Когда машина села в Ханкале, прямо у люка налетели какие-то военные и стали меня отбивать у сопровождающего. Офицеры оказались сотрудниками военной прокуратуры Грозного, за что я им крайне признательна, иначе сидеть бы мне опять под присмотром очередного фээсбэшного офицерья, подорвавшего психическое здоровье на «антитеррористической операции». В прокуратуре дала все объяснения, сопровождающий также был допрошен, и оказалось, что в полку у меня украли всё, кроме аккредитационного удостоверения № 1258. У сопровождающего ничего при себе нет. Ни вещей, ни диктофонных кассет, ни фотопленки.
Вот так разрозненные картинки соединились в единое целое, а потому пора подводить окончательную черту…
Это все – в нашей стране. При действующей Конституции. При «волевом» президенте – ее гаранте. При Генпрокуратуре, правозащитниках: общественных и официальных, седом красивом лорде, замучившемся гонять из Страсбурга в Чечню и обратно… Ямы, «детские варежки», «танцуешь плохо», «кто не спрятался – я не виноват»… И никто не посмеет сказать, что я этого не видела. Проверено на себе.
Беспредел Веденского района
Совсем маленький ребенок, укутанный в грязное тряпье, успокаивается, лишь когда тыком, по-телячьи, нащупывает мамину грудь. Остальное время худенькое тельце извивается в хаотичных подергиваниях. Плачет? Дрожит?…
–Как зовут?… Вашего?… – И не знаешь, как спросить, не обидев, – сын это или дочка…
Тоита, мать, к чьей груди ребенок просится каждые 10-15 минут, молчит, как на допросе.
– Она что, не понимает по-русски?
–Почему? Понимает… – говорят женщины и прячут глаза. Виснет пауза: разве бывают причины, чтобы не сказать, как зовут крошечного нездорового младенца?

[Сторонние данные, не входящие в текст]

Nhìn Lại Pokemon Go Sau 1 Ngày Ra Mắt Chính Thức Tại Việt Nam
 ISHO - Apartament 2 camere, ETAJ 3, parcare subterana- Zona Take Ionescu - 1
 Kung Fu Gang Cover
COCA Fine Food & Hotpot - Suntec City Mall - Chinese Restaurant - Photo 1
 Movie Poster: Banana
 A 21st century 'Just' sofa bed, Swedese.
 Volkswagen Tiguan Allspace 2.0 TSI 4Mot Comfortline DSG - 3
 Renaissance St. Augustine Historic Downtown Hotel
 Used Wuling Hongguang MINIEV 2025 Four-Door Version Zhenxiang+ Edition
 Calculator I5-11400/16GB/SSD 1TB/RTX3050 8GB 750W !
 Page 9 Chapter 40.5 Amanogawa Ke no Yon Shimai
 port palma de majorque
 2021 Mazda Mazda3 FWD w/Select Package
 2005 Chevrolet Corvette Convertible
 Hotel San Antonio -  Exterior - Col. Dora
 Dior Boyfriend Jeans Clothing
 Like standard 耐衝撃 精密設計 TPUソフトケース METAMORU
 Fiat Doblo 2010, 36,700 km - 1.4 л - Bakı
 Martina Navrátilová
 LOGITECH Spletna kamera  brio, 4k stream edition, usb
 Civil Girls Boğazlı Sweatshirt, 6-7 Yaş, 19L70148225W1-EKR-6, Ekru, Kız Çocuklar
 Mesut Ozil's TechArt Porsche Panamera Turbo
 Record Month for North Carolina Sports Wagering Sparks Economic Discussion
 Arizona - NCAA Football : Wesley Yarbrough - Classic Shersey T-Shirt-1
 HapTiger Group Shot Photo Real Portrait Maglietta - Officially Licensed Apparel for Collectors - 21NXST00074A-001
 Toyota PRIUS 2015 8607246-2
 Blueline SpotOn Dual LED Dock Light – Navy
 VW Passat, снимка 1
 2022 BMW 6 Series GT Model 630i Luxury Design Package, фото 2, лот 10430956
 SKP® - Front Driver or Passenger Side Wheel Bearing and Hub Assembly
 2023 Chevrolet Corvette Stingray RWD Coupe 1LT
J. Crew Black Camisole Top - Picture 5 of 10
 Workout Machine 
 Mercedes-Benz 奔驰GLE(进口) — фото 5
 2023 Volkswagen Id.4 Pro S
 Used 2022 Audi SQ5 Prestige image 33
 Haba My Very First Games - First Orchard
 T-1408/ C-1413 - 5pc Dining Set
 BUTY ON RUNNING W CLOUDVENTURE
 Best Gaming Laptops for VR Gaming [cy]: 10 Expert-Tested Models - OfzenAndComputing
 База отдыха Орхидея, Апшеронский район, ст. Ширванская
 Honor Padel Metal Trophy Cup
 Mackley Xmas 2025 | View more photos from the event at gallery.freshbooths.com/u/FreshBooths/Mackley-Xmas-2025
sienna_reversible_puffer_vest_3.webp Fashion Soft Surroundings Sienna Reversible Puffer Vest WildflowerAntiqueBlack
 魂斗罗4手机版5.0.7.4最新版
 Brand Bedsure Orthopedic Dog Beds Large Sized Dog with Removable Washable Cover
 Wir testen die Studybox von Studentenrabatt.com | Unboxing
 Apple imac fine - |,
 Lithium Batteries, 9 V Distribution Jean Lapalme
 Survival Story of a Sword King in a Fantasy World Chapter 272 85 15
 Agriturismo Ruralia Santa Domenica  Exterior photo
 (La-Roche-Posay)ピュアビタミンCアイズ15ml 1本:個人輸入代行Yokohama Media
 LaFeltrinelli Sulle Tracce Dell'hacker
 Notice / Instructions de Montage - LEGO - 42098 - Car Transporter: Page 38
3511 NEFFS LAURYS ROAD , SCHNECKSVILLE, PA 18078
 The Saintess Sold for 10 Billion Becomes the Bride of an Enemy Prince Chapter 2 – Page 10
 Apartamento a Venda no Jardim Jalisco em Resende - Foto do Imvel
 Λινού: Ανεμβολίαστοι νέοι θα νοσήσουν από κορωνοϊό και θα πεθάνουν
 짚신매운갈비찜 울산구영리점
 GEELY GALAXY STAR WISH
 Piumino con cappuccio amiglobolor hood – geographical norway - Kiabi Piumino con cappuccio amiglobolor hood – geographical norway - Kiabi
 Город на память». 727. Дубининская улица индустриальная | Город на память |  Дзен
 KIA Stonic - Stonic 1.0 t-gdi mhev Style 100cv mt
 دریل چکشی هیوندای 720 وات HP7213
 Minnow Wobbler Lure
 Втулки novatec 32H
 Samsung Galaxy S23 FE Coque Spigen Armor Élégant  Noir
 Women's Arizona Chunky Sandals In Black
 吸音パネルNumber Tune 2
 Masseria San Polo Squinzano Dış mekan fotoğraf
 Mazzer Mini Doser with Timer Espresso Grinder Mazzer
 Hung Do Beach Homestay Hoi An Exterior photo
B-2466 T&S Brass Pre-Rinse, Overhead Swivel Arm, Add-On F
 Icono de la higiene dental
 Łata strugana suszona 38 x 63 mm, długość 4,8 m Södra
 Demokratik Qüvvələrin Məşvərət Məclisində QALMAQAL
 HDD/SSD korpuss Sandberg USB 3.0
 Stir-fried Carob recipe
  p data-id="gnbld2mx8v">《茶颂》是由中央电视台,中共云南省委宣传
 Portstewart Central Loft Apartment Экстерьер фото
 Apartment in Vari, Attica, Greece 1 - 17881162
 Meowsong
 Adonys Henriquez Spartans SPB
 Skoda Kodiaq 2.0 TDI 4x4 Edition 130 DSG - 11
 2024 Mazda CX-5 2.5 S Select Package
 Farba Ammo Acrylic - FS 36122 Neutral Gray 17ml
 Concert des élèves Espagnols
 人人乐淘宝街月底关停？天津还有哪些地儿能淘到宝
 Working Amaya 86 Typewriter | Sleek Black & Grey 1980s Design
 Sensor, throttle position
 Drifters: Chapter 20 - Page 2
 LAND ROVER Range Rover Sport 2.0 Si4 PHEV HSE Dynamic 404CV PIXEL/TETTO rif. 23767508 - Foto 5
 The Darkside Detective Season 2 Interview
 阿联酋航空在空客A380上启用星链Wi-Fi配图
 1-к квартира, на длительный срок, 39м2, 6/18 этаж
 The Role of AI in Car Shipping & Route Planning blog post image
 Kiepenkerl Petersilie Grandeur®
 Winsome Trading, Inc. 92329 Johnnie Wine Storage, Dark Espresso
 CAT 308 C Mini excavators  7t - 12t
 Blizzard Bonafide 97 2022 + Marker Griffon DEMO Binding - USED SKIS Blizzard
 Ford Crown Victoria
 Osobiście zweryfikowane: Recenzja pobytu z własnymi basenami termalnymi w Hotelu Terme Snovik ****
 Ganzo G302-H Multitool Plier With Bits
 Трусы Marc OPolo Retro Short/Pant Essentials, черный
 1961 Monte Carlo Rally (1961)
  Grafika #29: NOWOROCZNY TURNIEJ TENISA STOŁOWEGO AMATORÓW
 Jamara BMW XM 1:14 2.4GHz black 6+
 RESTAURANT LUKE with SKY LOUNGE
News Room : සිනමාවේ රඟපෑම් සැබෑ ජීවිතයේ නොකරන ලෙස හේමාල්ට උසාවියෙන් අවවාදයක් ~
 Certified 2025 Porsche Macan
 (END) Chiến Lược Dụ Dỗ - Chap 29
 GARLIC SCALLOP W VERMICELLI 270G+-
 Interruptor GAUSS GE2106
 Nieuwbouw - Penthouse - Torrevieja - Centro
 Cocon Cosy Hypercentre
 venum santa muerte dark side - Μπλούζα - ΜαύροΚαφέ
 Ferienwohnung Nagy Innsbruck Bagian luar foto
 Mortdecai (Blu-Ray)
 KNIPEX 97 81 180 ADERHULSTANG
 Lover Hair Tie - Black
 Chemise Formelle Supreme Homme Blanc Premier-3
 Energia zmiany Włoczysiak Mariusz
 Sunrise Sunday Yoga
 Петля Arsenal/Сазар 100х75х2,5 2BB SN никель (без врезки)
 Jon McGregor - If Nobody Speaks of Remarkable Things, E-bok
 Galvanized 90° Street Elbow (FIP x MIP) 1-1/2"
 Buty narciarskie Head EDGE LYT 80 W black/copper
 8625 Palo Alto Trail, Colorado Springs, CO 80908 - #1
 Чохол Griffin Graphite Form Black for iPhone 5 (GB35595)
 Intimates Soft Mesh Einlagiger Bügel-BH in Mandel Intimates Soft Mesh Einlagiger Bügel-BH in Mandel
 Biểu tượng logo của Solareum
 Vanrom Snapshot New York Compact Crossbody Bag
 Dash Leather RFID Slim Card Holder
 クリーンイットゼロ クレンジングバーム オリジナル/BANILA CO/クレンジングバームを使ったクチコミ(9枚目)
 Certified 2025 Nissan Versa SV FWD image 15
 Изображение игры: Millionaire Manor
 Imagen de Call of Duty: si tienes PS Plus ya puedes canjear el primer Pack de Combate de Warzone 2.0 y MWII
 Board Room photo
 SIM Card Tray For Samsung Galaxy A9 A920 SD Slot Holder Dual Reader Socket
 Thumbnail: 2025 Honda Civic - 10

–Джохар он, – наконец решительно и зло выдавливает Тоита. – Я просто отвыкла произносить его имя вслух. Вдруг солдаты услышат?… Убьют. Или его, потому что Джохар в честь президента Дудаева. Или меня – что так назвала. Сынку скоро два года.
– А почему он… такой?…
– Да, совсем не развивается. Он родился как раз, когда эта война началась.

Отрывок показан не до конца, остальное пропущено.